American Idol is popular because it is about dreams. Even more so it seems to embody the American dream. It is about my dreams and your dreams and their dreams. It is about wanting something so bad you’ll humiliate yourself on television for it. It is about the journey to achieving a dream; the rags to riches tale. We get to go with the contestants on their dream journey. In all its stagey, outlandish and glamorous ways American Idol is the American dream.

Let’s rewind a bit to the first segment of the series. We can call it the schadenfreude era. The first episodes are about the beginnings to a dream. When everyone laughs at you behind you back (or your front) and people think you are arrogant for daring to imagine you can achieve something.

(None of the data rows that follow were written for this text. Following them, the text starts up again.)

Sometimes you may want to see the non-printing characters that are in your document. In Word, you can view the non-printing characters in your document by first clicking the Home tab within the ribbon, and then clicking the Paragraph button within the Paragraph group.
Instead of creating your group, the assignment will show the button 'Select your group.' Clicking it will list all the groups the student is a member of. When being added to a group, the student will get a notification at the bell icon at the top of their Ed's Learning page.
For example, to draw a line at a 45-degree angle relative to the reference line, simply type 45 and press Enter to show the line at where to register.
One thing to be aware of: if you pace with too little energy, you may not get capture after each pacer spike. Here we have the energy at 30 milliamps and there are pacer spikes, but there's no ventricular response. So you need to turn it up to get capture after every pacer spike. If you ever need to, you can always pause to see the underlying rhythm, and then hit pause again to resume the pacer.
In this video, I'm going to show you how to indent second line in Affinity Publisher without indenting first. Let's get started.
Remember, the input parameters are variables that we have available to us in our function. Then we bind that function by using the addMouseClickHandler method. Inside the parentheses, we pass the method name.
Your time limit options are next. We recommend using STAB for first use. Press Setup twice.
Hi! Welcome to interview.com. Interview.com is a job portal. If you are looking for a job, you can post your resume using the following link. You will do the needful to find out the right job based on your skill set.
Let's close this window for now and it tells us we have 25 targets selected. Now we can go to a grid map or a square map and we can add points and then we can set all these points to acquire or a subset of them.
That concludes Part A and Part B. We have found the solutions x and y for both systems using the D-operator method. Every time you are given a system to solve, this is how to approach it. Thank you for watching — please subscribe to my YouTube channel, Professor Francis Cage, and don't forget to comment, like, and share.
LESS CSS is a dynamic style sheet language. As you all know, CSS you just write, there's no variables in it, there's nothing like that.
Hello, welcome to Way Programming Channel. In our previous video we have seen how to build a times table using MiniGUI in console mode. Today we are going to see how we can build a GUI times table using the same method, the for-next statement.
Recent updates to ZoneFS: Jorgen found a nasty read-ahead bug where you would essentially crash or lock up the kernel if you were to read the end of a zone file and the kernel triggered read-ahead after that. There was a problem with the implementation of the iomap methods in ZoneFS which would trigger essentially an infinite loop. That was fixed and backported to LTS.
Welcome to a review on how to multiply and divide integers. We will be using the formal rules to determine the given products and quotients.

During the first couple of weeks the viewers and the judges get to exorcise their inner demons at the expense of a fat chick from Illinois who sounds like a drunken strangled cat. We get to laugh at the mad, the ugly and the fat and we enjoy Simon Cowell. [Did you know that if you enter Simon Cowell and run a spell check it tells you to change it to cowbell.] We enjoy his negative comments even if we are morally outraged; we tutt and throw things at the TV. We enjoy his silly hair and trousers and the irony of this man proclaiming his thoughts on style. And inwardly, despite his appearance, we know he is right. He says what we can’t say and he can say it because we believe him to be powerful. He embodies the stereotype of a powerful fat cat with a touch of the quintessential English villain.

Then we move from the schadenfreude era to the part where some people switch off. The grand performance where not a soul dares to look unhappy for a split second. Heaven forbid a camera caught a glimpse of a contestant not waving. This is the beginning of their dream; they need you to like them even if it means the beginnings of a brain haemorrhage.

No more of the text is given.